From cameras in the sky to cameras you can wear on your face, from 3.69 million pixels on your smartphone to 14.7 million pixels on your desktop monitor, 2014 wasn't a year for subtlety and understatement. Apple introduced larger display iPhones, Sony introduced full-frame mirrorless cameras, and everybody from Razer to Microsoft released a wearable device. Plus, a bunch of celebrities shared way more than they ever wanted to on the internet.
If you've been living under a rock for the past year, here's everything you missed in 2014.
From your pocket to your wrist
2014 saw Apple enter the wearables market when it finally unveiled its long awaited Apple Watch. The square-face smartwatch won't be available until 2015, but will connect with your iOS device and track your health and fitness stats, as well as display notifications, messages and maps.
The Apple Watch's unique feature is its digital crown, which turns like a normal watch crown, but is actually used to zoom and scroll through content on the watch's digital face.
Microsoft also launched its first wearable this year, the Microsoft Band, a fitness tracking band with a 1.4-inch display and no less than ten sensors tracking your calorie intake, heart rate, stress levels and sun exposure among others. The Microsoft Band is also one of the few wearables to be compatible with both Android OS and iOS, as well as its own Windows Phone 8 platform.
LG and Motorola launched the first roundfaced smartwatches in the G Watch R and Motorola Moto 360, while Samsung added to its growing wearables range with the fitness focused Gear Fit and the affordable Gear 2 Neo.
Not everything was found on your wrist though, Sony's new SmartEyeGlass looks to challenge Google Glass with its CMOS image sensor, 3MP camera lens, and a suite of sensors coupled with Sony's unique hologram optics technology for the device's lenses, which offer a transparency of 85 per cent and are just 3 mm thick.
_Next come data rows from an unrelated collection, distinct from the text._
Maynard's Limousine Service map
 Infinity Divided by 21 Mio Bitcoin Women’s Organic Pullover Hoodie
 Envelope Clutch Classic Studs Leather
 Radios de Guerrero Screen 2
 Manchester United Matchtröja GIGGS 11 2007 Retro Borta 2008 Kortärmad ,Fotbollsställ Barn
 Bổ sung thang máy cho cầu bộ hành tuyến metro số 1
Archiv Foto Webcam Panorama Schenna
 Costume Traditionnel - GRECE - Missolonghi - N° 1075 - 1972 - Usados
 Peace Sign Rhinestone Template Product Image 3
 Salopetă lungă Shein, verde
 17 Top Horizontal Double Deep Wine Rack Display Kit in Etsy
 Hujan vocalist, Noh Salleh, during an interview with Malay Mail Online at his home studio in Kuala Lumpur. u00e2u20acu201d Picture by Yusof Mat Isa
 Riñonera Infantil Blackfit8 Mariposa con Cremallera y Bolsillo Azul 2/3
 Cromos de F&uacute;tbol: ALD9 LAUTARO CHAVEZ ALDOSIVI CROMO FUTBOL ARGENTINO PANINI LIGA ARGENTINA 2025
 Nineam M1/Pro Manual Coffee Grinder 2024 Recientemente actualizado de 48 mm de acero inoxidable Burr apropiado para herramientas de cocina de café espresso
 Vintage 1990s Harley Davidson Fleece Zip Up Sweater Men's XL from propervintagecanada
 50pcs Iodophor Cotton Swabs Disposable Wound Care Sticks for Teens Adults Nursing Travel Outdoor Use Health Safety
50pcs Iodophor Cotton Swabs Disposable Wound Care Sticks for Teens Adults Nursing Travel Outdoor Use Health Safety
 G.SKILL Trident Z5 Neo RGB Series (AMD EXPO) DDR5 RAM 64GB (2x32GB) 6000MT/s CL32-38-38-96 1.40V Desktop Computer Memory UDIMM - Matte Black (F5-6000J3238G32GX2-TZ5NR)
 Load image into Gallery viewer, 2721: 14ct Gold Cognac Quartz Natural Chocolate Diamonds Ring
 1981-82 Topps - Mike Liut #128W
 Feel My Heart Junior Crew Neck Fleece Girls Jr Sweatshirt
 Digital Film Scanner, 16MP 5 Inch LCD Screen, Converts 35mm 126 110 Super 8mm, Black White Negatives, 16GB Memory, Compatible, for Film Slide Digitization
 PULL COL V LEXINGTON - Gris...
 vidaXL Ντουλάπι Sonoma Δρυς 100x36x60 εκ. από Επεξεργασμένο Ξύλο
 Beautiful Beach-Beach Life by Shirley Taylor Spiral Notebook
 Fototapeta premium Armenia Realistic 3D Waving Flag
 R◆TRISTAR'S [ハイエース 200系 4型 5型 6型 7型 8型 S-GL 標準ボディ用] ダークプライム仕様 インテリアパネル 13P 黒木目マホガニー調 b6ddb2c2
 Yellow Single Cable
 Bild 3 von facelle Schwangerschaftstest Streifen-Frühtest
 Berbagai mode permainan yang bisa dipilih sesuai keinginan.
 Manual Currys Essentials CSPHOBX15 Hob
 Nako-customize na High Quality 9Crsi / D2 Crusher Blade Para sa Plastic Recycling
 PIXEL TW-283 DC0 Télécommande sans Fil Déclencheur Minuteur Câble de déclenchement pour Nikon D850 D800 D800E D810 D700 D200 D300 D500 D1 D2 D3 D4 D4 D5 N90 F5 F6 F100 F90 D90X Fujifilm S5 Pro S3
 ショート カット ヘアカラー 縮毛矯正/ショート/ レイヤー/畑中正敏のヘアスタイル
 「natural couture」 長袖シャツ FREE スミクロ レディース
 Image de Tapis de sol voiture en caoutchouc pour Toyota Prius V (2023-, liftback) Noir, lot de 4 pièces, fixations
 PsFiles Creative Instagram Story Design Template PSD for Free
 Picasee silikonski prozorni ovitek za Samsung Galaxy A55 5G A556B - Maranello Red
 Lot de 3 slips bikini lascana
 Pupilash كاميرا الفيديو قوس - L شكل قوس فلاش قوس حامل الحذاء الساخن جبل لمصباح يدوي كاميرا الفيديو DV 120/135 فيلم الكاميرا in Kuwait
Meanwhile, Epson's Moverio BT-200 glasses mix augmented reality with simulated big screen viewing by projecting images and video onto the world around you.
With every major device manufacturer, as well as a number of smaller boutique brands, now all invested in the wearable device market, the battle for space on your body is firmly underway.
Displays better than your eyes can see
In just three years, we've gone from displays with 800 x 480 pixel resolutions as the norm, up to 960 x 540, 1,280 x 720, 1,980 x 1,080 and this year, we saw our first 2,560 x 1,440 Quad HD smartphones. Devices like LG's 5.5-inch G3 boasted a massive 534 pixels per inch count and we may not be stopping there, with Samsung claiming Ultra HD 4K smartphone displays in development that could be available as early as 2015.
But are higher resolution displays worth it? In justifying the 960 x 640 (330ppi) Retina display on the iPhone 4's 3.5-inch display, Apple famously said that the human eye could only resolve about 300 ppi when viewed from 10 inches, the average distance that most users view their phone at. Even when scrutinized up close, it's almost impossible to distinguish pixels once you get to around 480 ppi.
The Rise of Xiaomi
Xiaomi is now the world's third biggest smartphone maker, a remarkable achievement for a company that only began selling smartphones three years ago. Xiaomi's inspiration is plain to see. Its first smartphone and tablet designs looked remarkably similar to Apple's iPhone and iPad, Xiaomi's website closely resembles Apple's website, and Xiaomi CEO, Lei Jun, even dresses like Steve Jobs and finishes his presentations with the words "One more thing…" But Xiaomi's success isn't just from copying Apple. Yes, its products are beautifully designed and well built (if not particularly original in design), but they also cost a fraction of the price of an iPhone.
This year Xiaomi expanded beyond smartphones and tablets, and also launched its own network router, smart TV set top box, cloud storage service, messaging service, power bank and smart fitness band, all of which were well received.
True Octa-core processing power
Not too long ago, dual-core processors were considered advanced. Now, consumers demand at least quad-core performance at the very least, and some devices even have octa-core processors. But nearly all octacore processors actually utilize two quadcore clusters, with one cluster prioritizing performance, and another set of low powered cores prioritizing energy efficiency, an arrangement that ARM calls big.LITTLE. The high-powered and low-powered cores do not generally operate at the same time, so you'll only ever have four cores running simultaneously.
This year however, Taiwanese semiconductor manufacturer Mediatek, launched the MT6595, the world's first SoC capable of true octa-core processing. While it is also based on ARM's big.LITTLE architecture, it is the first chip to utilize Cortex A17 and A7 cores concurrently, which are 100 per cent architecturally compatible, and thus capable of running all eight cores simultaneously. Early benchmark tests showed a massive 30 per cent performance gain on existing high end quad and octa-core SoCs, however it might still be a while until we see the first MT6595 chips appearing in consumer devices.